Data to process >>
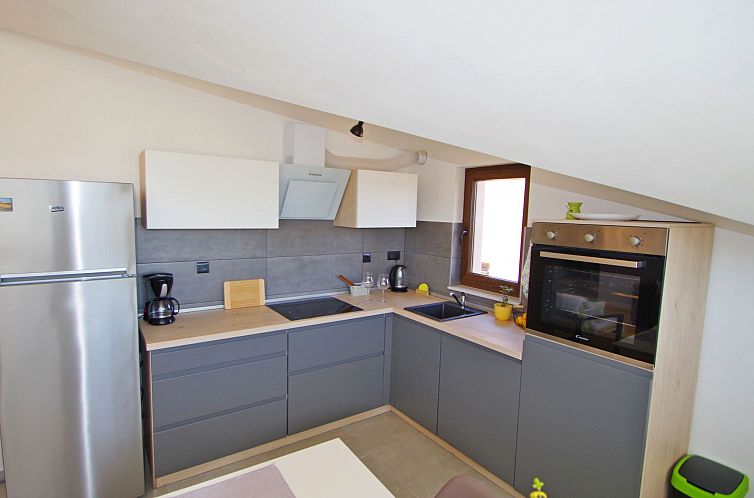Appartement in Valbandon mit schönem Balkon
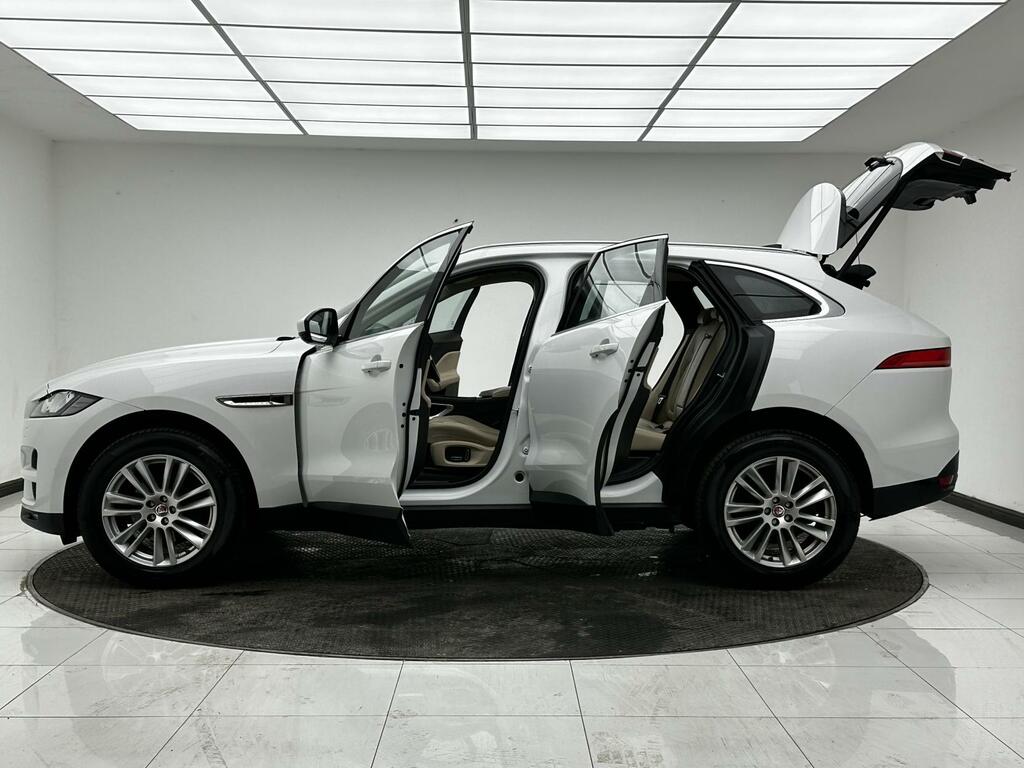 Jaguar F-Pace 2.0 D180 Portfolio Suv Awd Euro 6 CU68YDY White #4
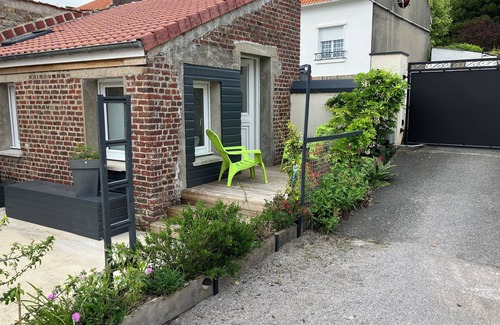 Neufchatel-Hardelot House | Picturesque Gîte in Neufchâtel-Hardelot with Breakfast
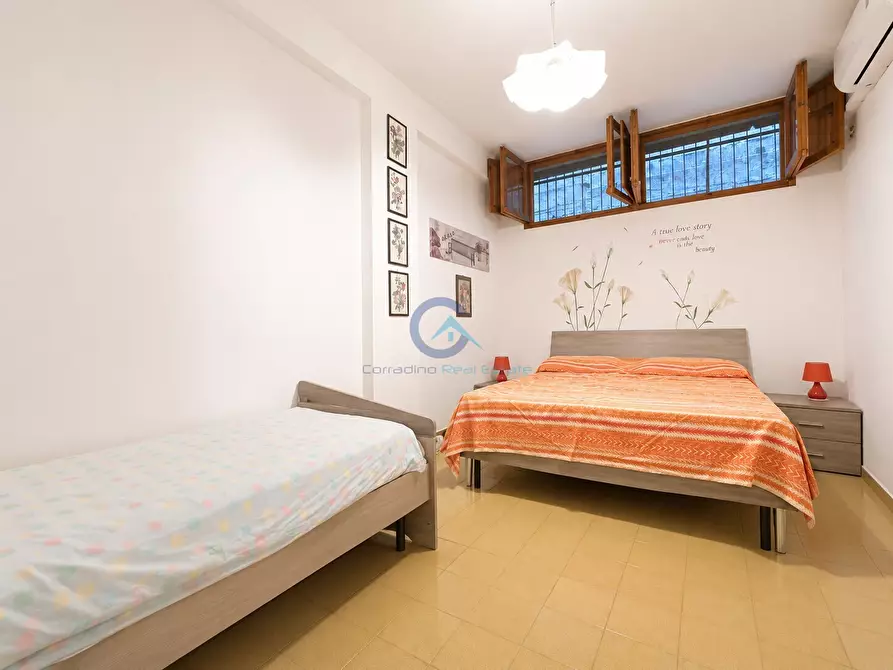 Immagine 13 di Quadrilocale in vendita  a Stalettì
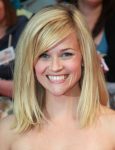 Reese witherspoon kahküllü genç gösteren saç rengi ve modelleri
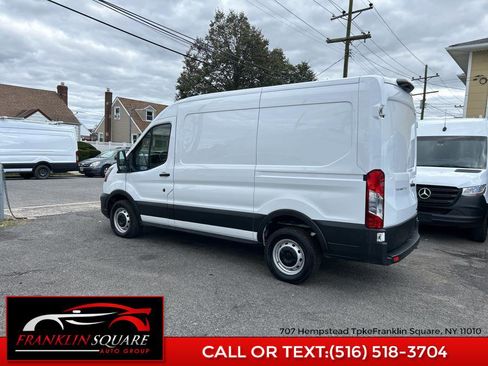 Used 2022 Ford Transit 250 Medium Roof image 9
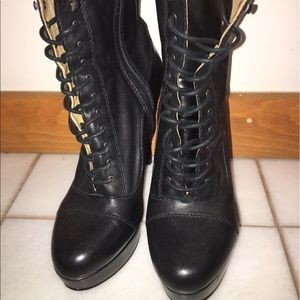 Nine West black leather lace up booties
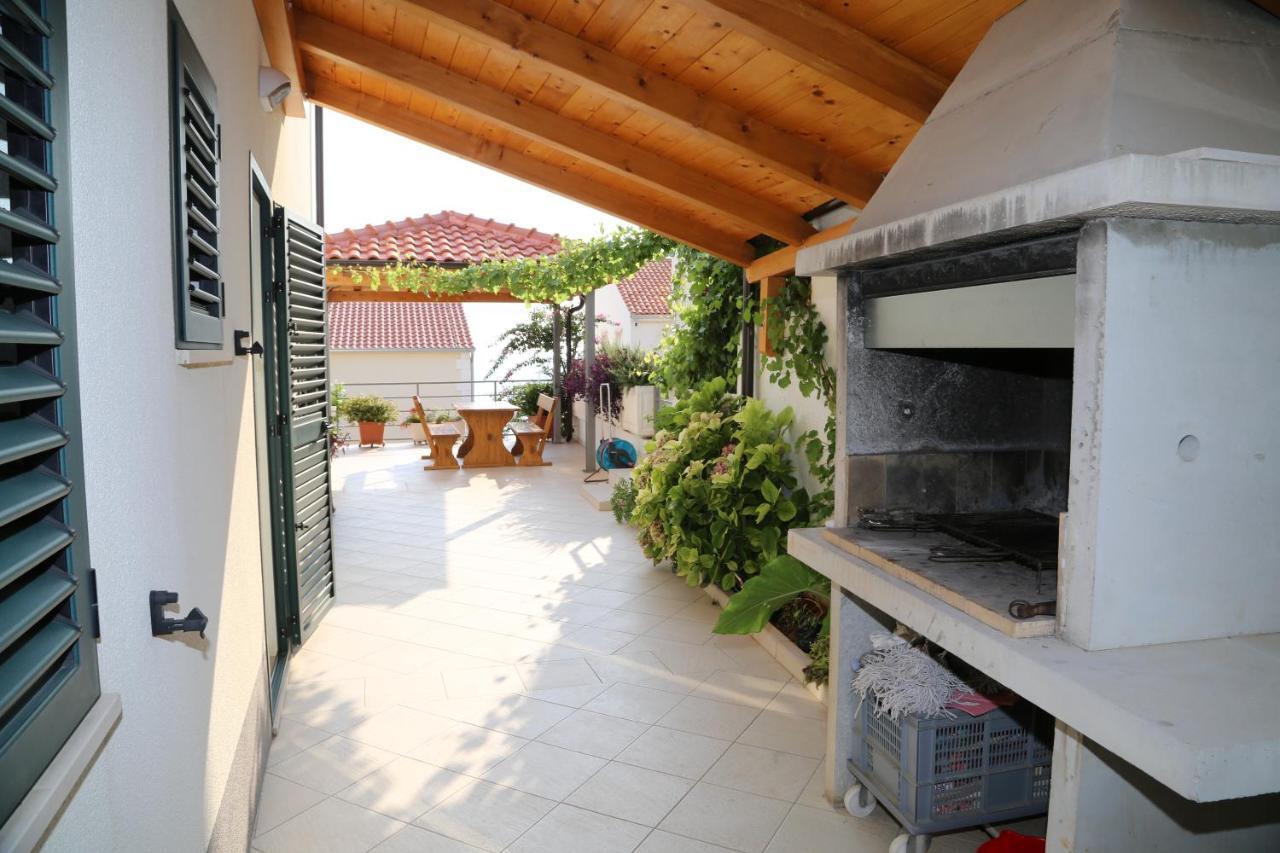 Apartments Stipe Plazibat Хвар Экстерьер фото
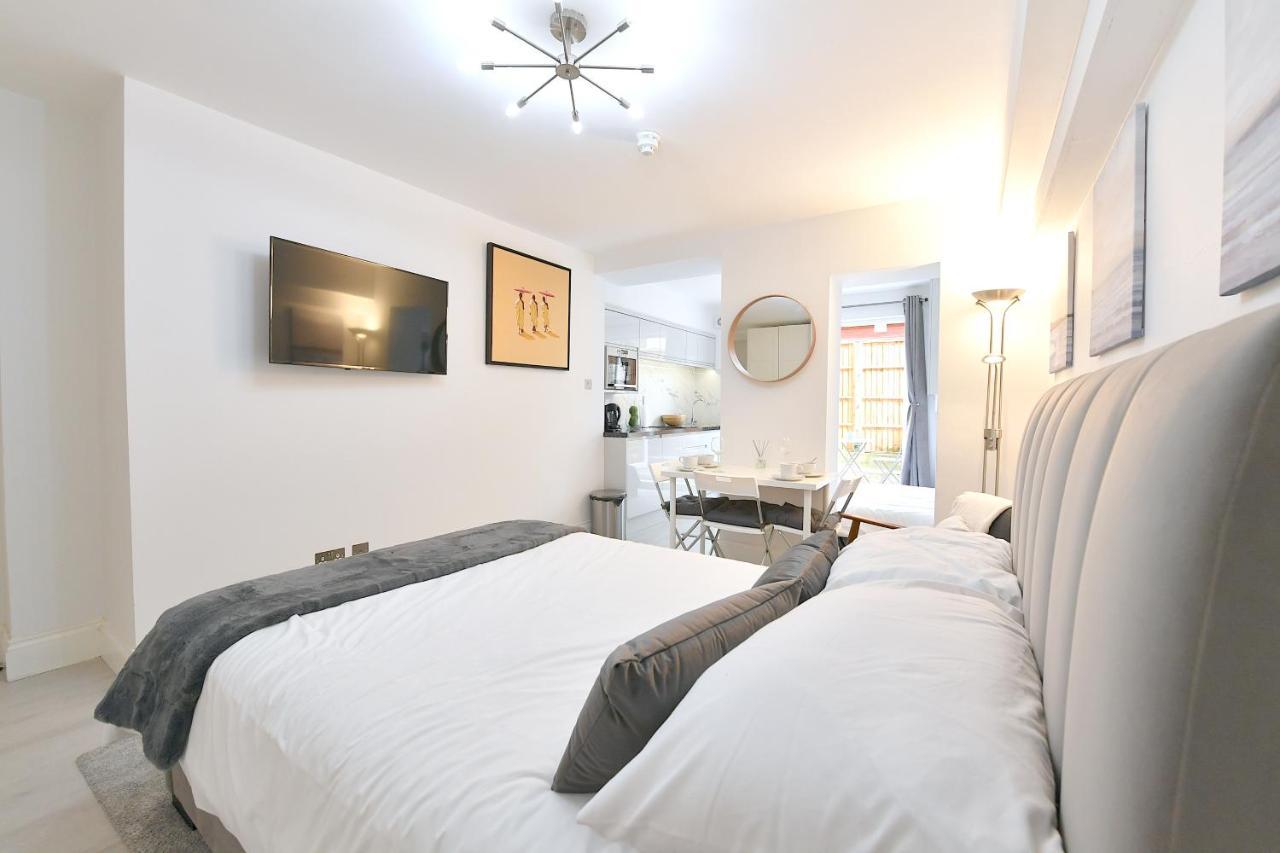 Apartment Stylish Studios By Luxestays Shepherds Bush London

Work to complete >> Write the listing above out again exactly, dropping each image.

Completed task >>
Appartement in Valbandon mit schönem Balkon
 Jaguar F-Pace 2.0 D180 Portfolio Suv Awd Euro 6 CU68YDY White #4
 Neufchatel-Hardelot House | Picturesque Gîte in Neufchâtel-Hardelot with Breakfast
 Immagine 13 di Quadrilocale in vendita  a Stalettì
 Reese witherspoon kahküllü genç gösteren saç rengi ve modelleri
 Used 2022 Ford Transit 250 Medium Roof image 9
 Nine West black leather lace up booties
 Apartments Stipe Plazibat Хвар Экстерьер фото
 Apartment Stylish Studios By Luxestays Shepherds Bush London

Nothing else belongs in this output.